Падение - Альбер Камю
Шрифт:
Интервал:
Закладка:
Но вот однажды, во время морского путешествия, на которое я пригласил свою подружку, не сказав ей о том, что я предпринял его, чтобы отпраздновать свое исцеление, я очутился на борту океанского парохода, на верхней палубе, разумеется; мы плыли в открытом море, и вдруг вдали на поверхности синевато-серых волн я заметил черную точку. Я сразу отвел глаза, сердце у меня забилось. Когда я снова заставил себя посмотреть в ту сторону, черная точка куда-то исчезла. Но я вновь ее увидел и готов был закричать, позвать на помощь. Однако оказалось, что это просто обломок ящика, какие пароходы оставляют за собой. И все же мне нестерпимо было смотреть на него, мне все казалось, что это утопленник.
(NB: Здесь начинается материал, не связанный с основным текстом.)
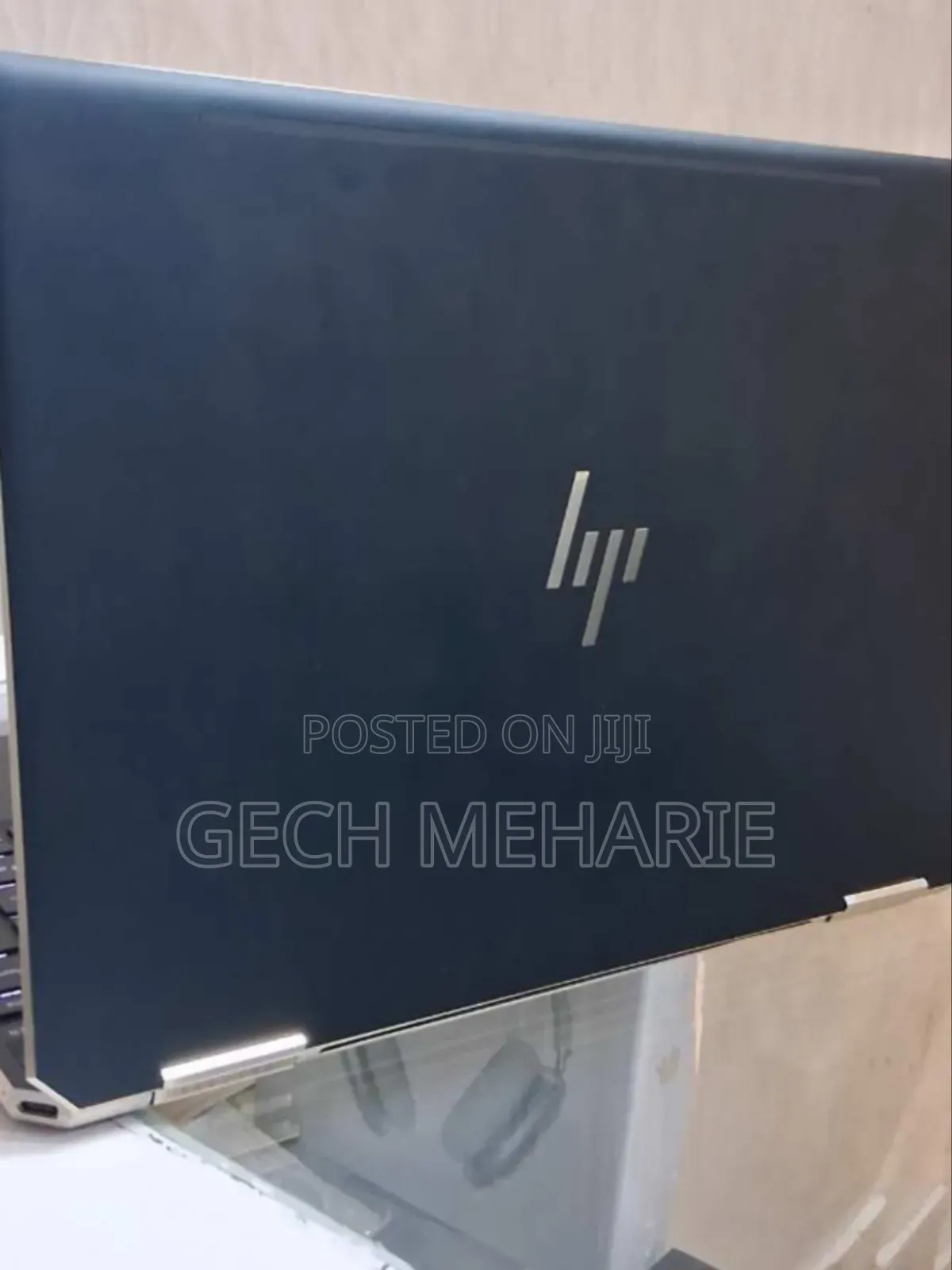 New Laptop HP Spectre X360 13 16GB Intel Core I7 SSD 512GB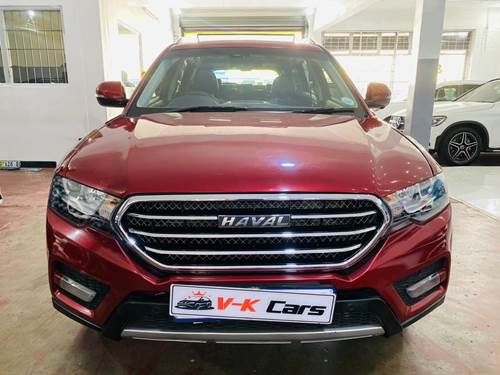 Haval H6 2.0T Luxury DCT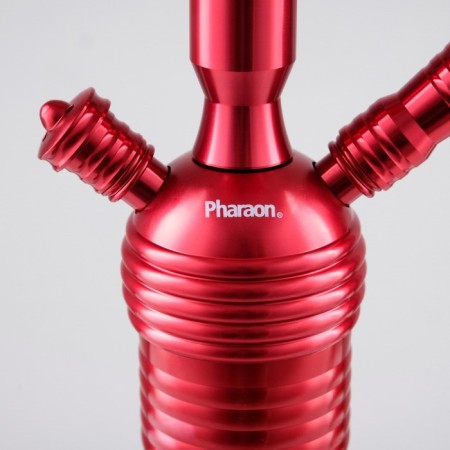 Hookah "pharaoh" 2012-2, 75 cm, red-2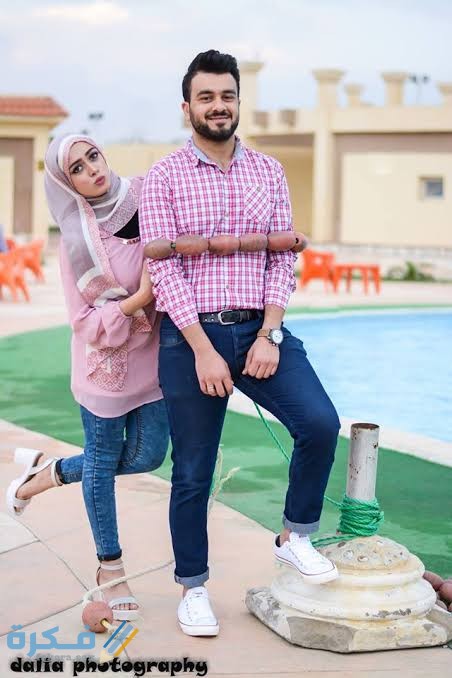 أفكار فوتوسيشن للصحاب 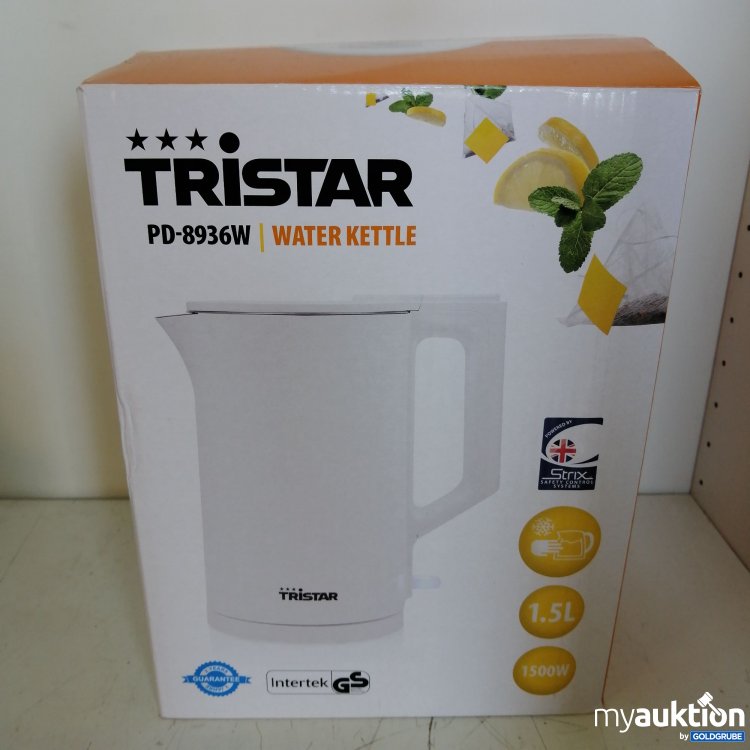 Artikel Nr. 425288: Tristar Water Kettle PD-8936W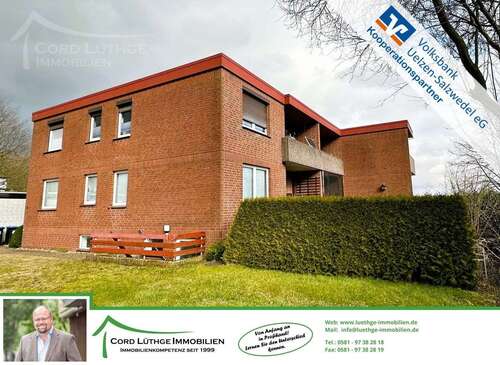 Foto - Wohnung zum Kaufen in Ebstorf 99.000,00 € 61.94 m²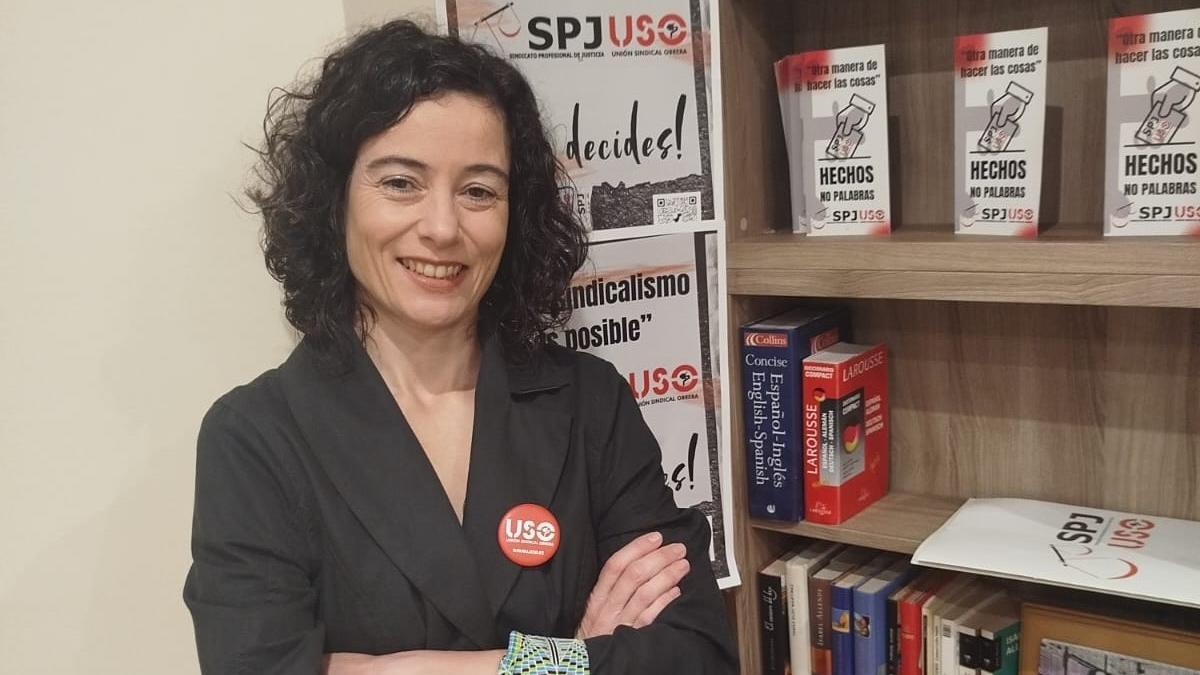 Andrea Fernández Bobes.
Тогда без тени возмущения, как смиряются с роковой вестью, давно уже зная, что это правда, я понял, что крик, раздавшийся на Сене много лет назад, разнесшийся где-то за моей спиной, не умолк: река повлекла его к водам Ла-Манша, и он несется теперь по всему свету, в беспредельных просторах океана; он ждал меня до того дня, когда я встретил его. Я понял также, что он и дальше будет ждать меня на морях и реках — словом, повсюду, где окажется горькая вода моего крещения. А ведь здесь мы тоже на воде, верно? На плоской, однообразной, бесконечной поверхности, сливающей свои пределы с пределами земли. Просто не верится, что мы скоро прибудем в Амстердам. Нет, никогда нам не выбраться из этой огромной купели. Прислушайтесь. Вы разве не слышите криков чаек? Они кличут нас. К чему же они нас призывают?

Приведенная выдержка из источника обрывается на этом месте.